* WHAT NEEDS TO BE DONE: Transcribe the stretch of entries below from the line with "Used 2019 GMC" through the line with "Fixation de porte", exactly and with both ends included; leave out all other lines.

* DATA:
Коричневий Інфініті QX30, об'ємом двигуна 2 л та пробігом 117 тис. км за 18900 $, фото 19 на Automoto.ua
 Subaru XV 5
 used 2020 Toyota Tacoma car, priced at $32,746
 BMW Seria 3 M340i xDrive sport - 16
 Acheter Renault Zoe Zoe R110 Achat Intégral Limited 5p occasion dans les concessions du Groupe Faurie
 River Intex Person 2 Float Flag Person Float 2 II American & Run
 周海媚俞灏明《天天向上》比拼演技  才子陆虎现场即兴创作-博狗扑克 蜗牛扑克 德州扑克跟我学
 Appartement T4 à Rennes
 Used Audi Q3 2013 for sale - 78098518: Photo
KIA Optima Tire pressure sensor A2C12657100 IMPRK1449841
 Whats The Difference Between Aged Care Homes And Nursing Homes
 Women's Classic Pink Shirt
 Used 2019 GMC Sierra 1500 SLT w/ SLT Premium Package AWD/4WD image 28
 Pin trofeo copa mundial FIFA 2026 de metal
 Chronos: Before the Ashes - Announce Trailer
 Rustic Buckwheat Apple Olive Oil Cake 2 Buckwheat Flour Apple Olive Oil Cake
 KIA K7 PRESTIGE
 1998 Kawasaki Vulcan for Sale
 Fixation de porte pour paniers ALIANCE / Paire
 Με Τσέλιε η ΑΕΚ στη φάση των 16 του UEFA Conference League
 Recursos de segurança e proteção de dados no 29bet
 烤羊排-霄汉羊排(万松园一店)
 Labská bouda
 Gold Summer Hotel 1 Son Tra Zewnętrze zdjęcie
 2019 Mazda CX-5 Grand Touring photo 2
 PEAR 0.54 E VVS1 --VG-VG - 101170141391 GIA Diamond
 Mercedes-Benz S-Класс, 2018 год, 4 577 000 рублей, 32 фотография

* ANSWER TO THIS PROBLEM:
 Used 2019 GMC Sierra 1500 SLT w/ SLT Premium Package AWD/4WD image 28
 Pin trofeo copa mundial FIFA 2026 de metal
 Chronos: Before the Ashes - Announce Trailer
 Rustic Buckwheat Apple Olive Oil Cake 2 Buckwheat Flour Apple Olive Oil Cake
 KIA K7 PRESTIGE
 1998 Kawasaki Vulcan for Sale
 Fixation de porte pour paniers ALIANCE / Paire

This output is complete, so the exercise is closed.